Creating Guidelines for the Use of Gen AI Across Campus

CT: How did you drill down to exactly who needed to be on the task force?

Conatser: That's a good question, because we're a big institution. There are a couple of layers to it. Number one is working with the leadership across the university in a way that embraces our shared governance. We worked with our faculty senate to make sure that we had leadership from that body represented on UK ADVANCE; we worked with our leadership in the colleges to identify the experts on this, whether they're a computer scientist who does work in large language models in our College of Engineering, or somebody who works in digital writing studies who thinks about automated writing and electronic environments. We also combed through our own database of publications and research through our research office to make sure that we have a full sense of who's doing work that touches artificial intelligence. And when we first launched the ADVANCE team, we very publicly had an e-mail address to be in dialogue with folks who would write in and say, "I think so-and-so would be a great addition to the team," or "I'm actually really interested in being a part of this." We would discuss every e-mail as a team, any folks that contacted us, and say, "We think that this person would really represent a critical area of stakeholders at the university that maybe isn't on the team yet."
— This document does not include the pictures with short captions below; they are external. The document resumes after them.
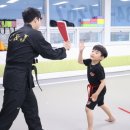 용호초등학교 이미지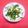 めみたん☆'s cooksnap of when they made 塩酒粕漬けほろ酔い豆腐で♪ニラの白和え.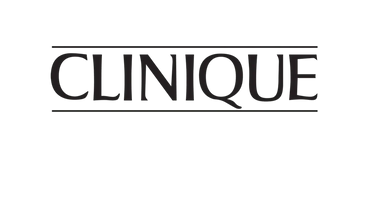 clinique
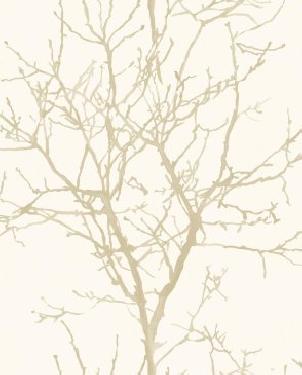 Обои Grandeco New Aurora NA3403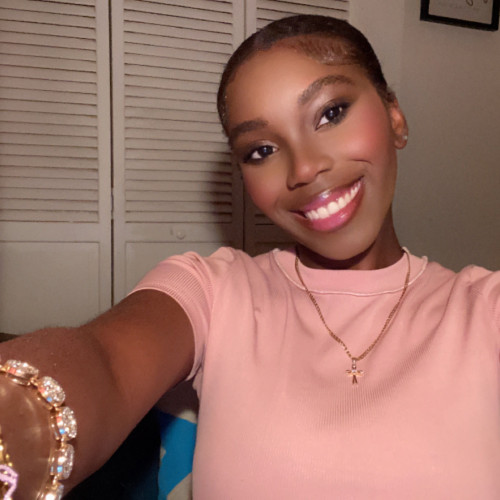 Chrissy D.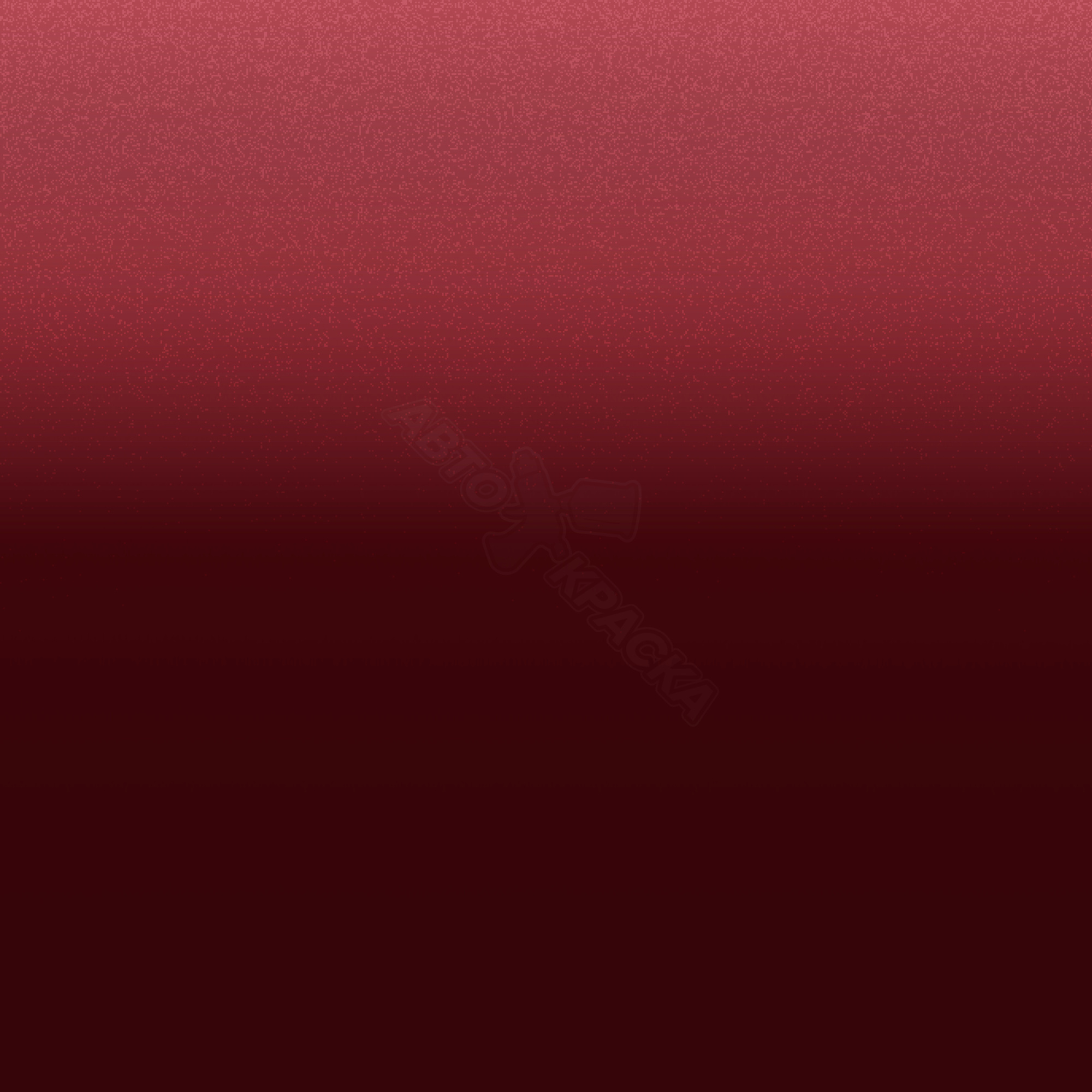 Dark Red превью #1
The size of the ADVANCE team reflects this inclusivity to the point that we are unusually large as a university-level task force. We have over 30 people associated with this team. And that means our meetings are really interesting, because we're getting input from people with a lot of different experiences. Our meetings happen every two weeks over Zoom, and the spirit of the group is that it's an open forum. We have certain agenda items, but we always have time for people to bring up issues that we might need to think about, whether it's resources or training or new developments in AI.

CT: How does the work get done in such a large group? What is the structure like?

Conatser: Depending on the project, we'll identify a small number of people to serve as the leads. That tends to fall along the lines of both academic and institutional expertise. For example, for writing the instructional guidelines, I was one of the primaries on that one because I direct our teaching and learning center. For the research guidelines, I worked with the executive director of our Office of Research Integrity, because that's her provenance here at UK. And we're currently working with a couple of the chief information officers in our UK Healthcare system to work with the clinical care guidelines.

The leads will take ideas and input as we iterate on the drafts of these guidelines, and will keep circulating new drafts among the whole team, get more feedback in that loop, and then iterate some more. Once we get to a point as a team where we're comfortable to start shopping it out, we'll send a draft of the guidelines to different areas. We don't publish it yet — we want to make sure that all our stakeholders get input. So for example, our college leadership will send it to our faculty senate, we'll send it to our Legal office, we'll send it anywhere that would have some useful feedback. We want to be transparent and inclusive, so it's not a top-down kind of thing, but rather the product of a large, representative, transdisciplinary body that's gone through a lot of iterations already.

CT: How did you break down the key areas that the guidelines should cover?

Conatser: One of the first conversations that we had as the ADVANCE team, and one that we have on a regular basis, is that these guidelines are specifically addressing generative AI. Whenever we start sliding into other language like AI and machine learning, we start to talk about a broader category of technologies that researchers, healthcare systems, healthcare providers, etc. have been using for a long time to do the work that they do. Trying to come in and write guidelines around that becomes a very different scenario. So we've been very specific that ADVANCE is focusing on generative AI guidance, and we are careful to define what that is in our guidelines so that everyone knows exactly what we're talking about.